What you return should be the full listing, exactly as given.

((

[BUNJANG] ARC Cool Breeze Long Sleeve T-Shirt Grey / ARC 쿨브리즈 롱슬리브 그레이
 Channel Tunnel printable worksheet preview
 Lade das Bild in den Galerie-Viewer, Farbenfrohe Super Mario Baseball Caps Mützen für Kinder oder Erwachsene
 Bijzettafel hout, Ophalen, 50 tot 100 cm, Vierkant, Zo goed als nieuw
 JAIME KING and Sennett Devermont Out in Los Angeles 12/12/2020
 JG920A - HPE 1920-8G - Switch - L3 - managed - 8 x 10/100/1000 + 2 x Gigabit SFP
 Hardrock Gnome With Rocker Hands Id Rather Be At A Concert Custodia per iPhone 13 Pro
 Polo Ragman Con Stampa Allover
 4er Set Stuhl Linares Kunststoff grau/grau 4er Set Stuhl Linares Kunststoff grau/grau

))

— WRITTEN RESPONSE —
[BUNJANG] ARC Cool Breeze Long Sleeve T-Shirt Grey / ARC 쿨브리즈 롱슬리브 그레이
 Channel Tunnel printable worksheet preview
 Lade das Bild in den Galerie-Viewer, Farbenfrohe Super Mario Baseball Caps Mützen für Kinder oder Erwachsene
 Bijzettafel hout, Ophalen, 50 tot 100 cm, Vierkant, Zo goed als nieuw
 JAIME KING and Sennett Devermont Out in Los Angeles 12/12/2020
 JG920A - HPE 1920-8G - Switch - L3 - managed - 8 x 10/100/1000 + 2 x Gigabit SFP
 Hardrock Gnome With Rocker Hands Id Rather Be At A Concert Custodia per iPhone 13 Pro
 Polo Ragman Con Stampa Allover
 4er Set Stuhl Linares Kunststoff grau/grau 4er Set Stuhl Linares Kunststoff grau/grau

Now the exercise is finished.